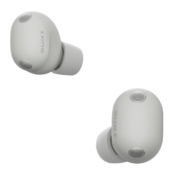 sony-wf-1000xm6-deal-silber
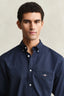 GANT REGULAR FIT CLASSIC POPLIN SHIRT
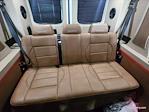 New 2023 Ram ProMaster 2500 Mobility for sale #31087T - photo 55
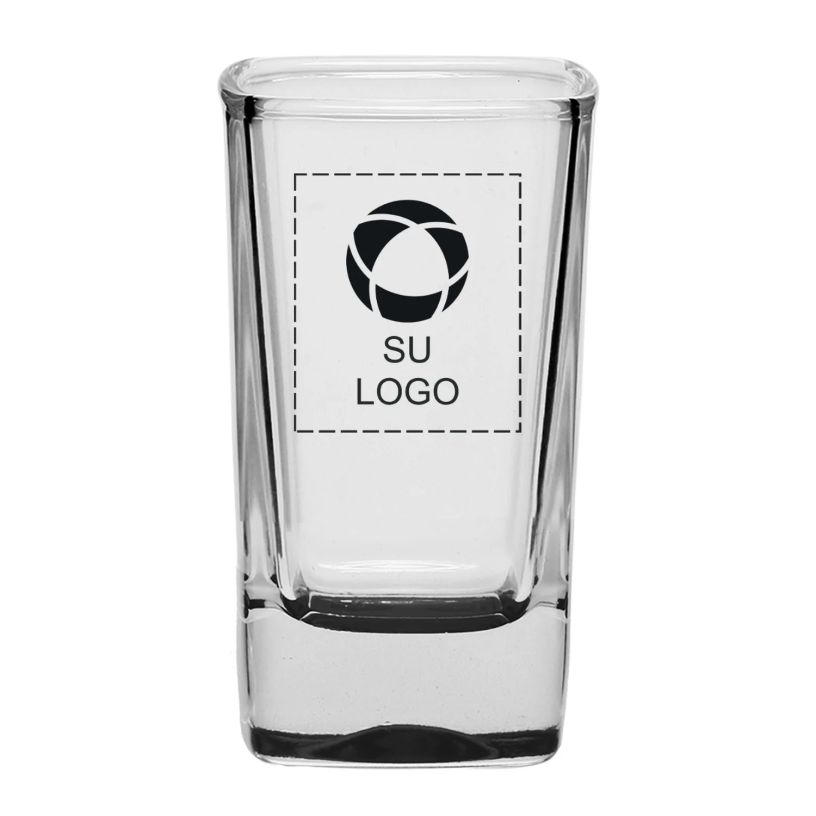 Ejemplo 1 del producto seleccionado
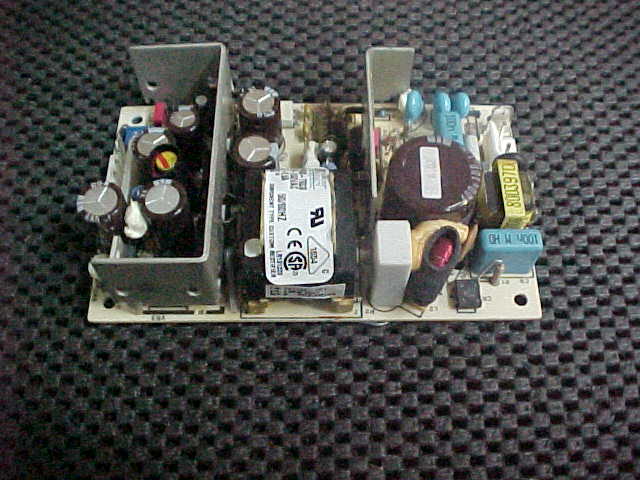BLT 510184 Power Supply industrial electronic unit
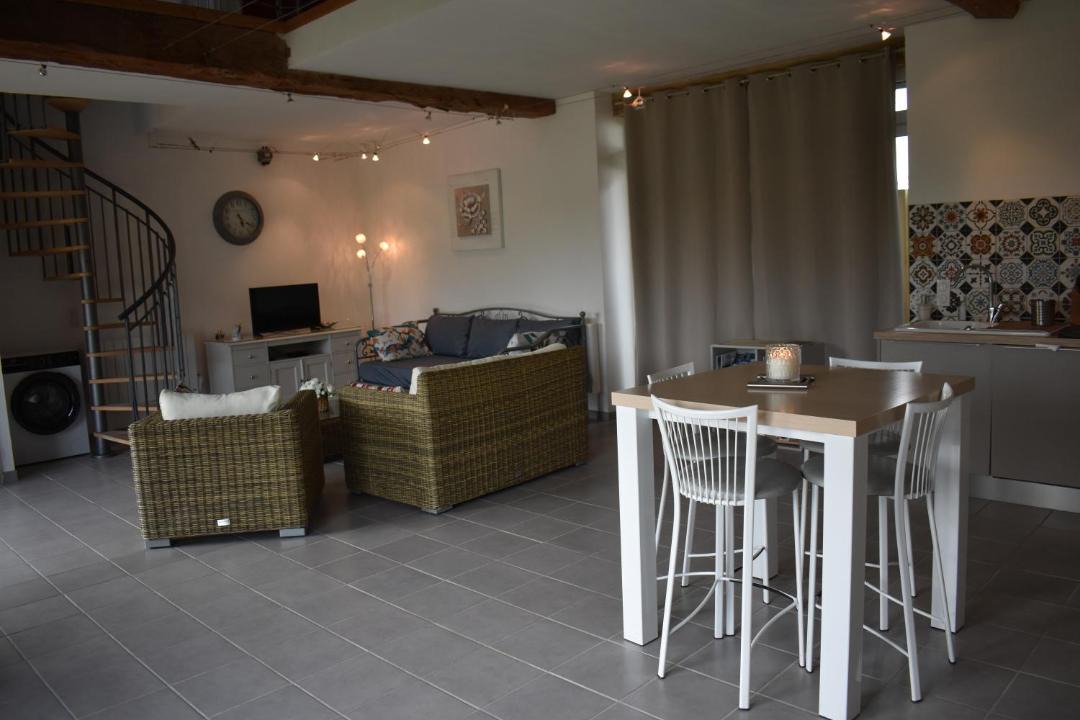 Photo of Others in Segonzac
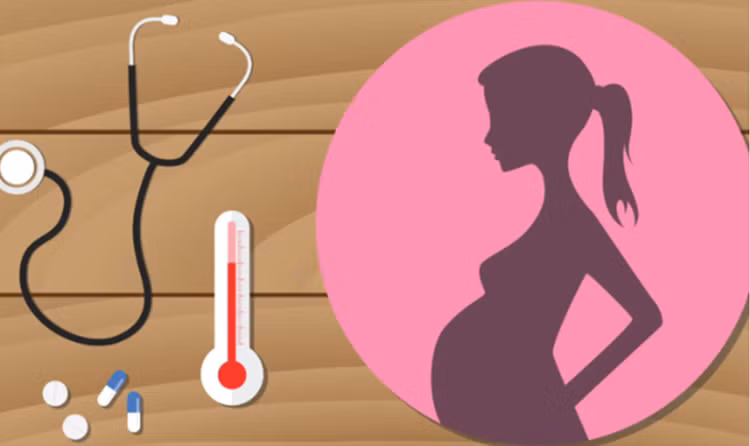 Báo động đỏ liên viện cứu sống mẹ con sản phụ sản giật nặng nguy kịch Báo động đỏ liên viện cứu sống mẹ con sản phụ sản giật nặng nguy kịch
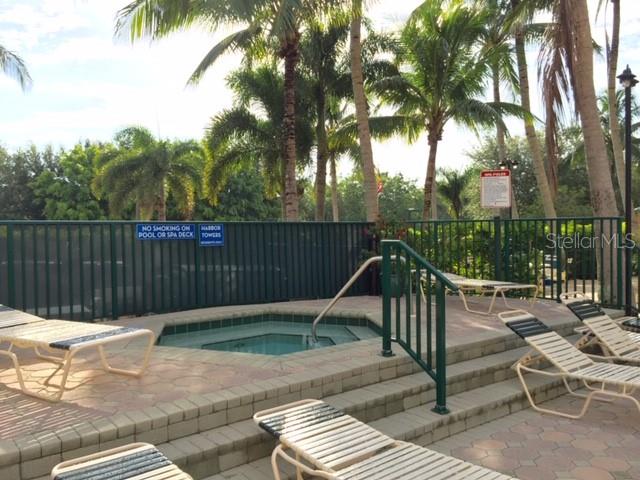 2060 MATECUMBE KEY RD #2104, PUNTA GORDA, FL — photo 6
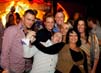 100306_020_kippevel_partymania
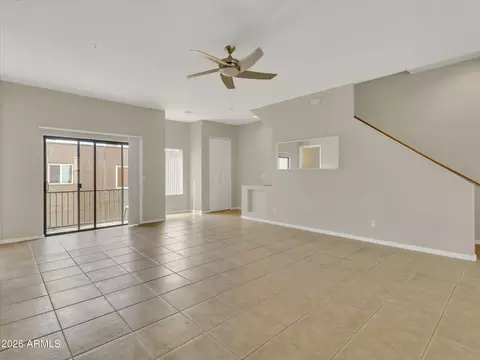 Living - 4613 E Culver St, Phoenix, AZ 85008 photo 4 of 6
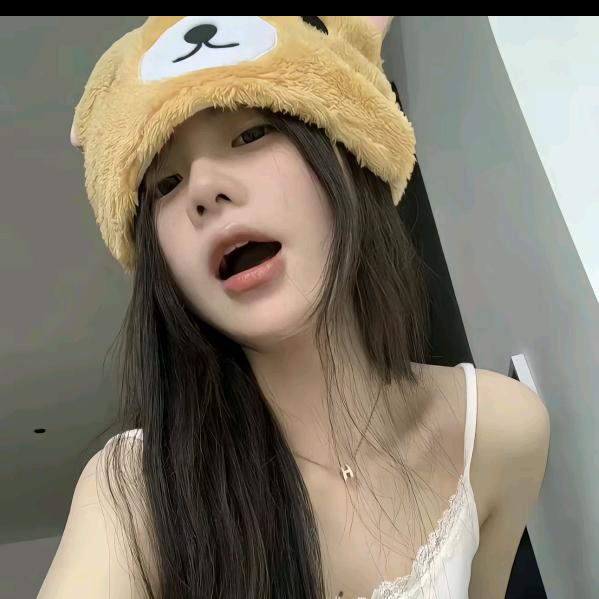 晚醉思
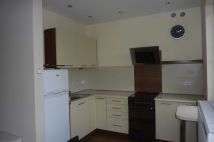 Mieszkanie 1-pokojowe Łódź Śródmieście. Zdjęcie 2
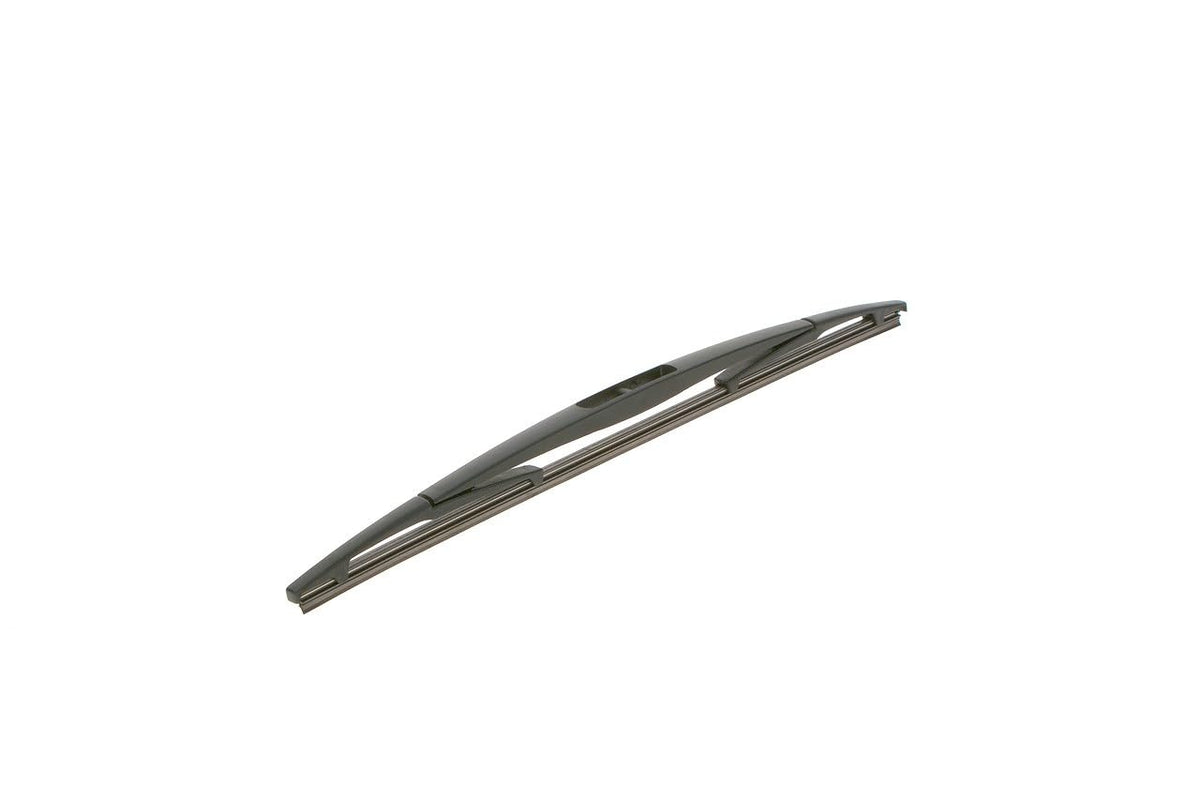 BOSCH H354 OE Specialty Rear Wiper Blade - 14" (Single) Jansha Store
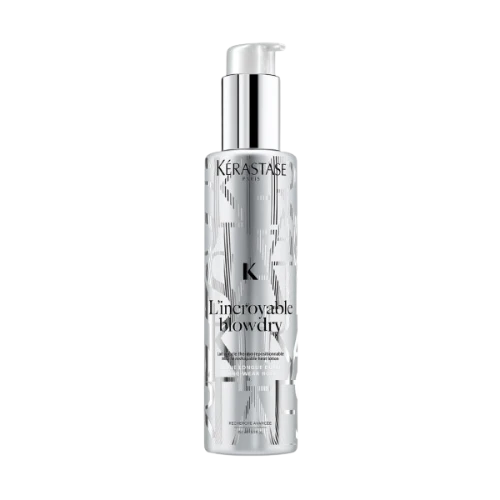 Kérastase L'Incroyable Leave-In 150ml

###

### Task details
Repeat the data in full and exactly. Omit pictures.

### Answer box
 sony-wf-1000xm6-deal-silber
 GANT REGULAR FIT CLASSIC POPLIN SHIRT
 New 2023 Ram ProMaster 2500 Mobility for sale #31087T - photo 55
 Ejemplo 1 del producto seleccionado
BLT 510184 Power Supply industrial electronic unit
 Photo of Others in Segonzac
 Báo động đỏ liên viện cứu sống mẹ con sản phụ sản giật nặng nguy kịch Báo động đỏ liên viện cứu sống mẹ con sản phụ sản giật nặng nguy kịch
 2060 MATECUMBE KEY RD #2104, PUNTA GORDA, FL — photo 6
 100306_020_kippevel_partymania
 Living - 4613 E Culver St, Phoenix, AZ 85008 photo 4 of 6
 晚醉思
 Mieszkanie 1-pokojowe Łódź Śródmieście. Zdjęcie 2
 BOSCH H354 OE Specialty Rear Wiper Blade - 14" (Single) Jansha Store
 Kérastase L'Incroyable Leave-In 150ml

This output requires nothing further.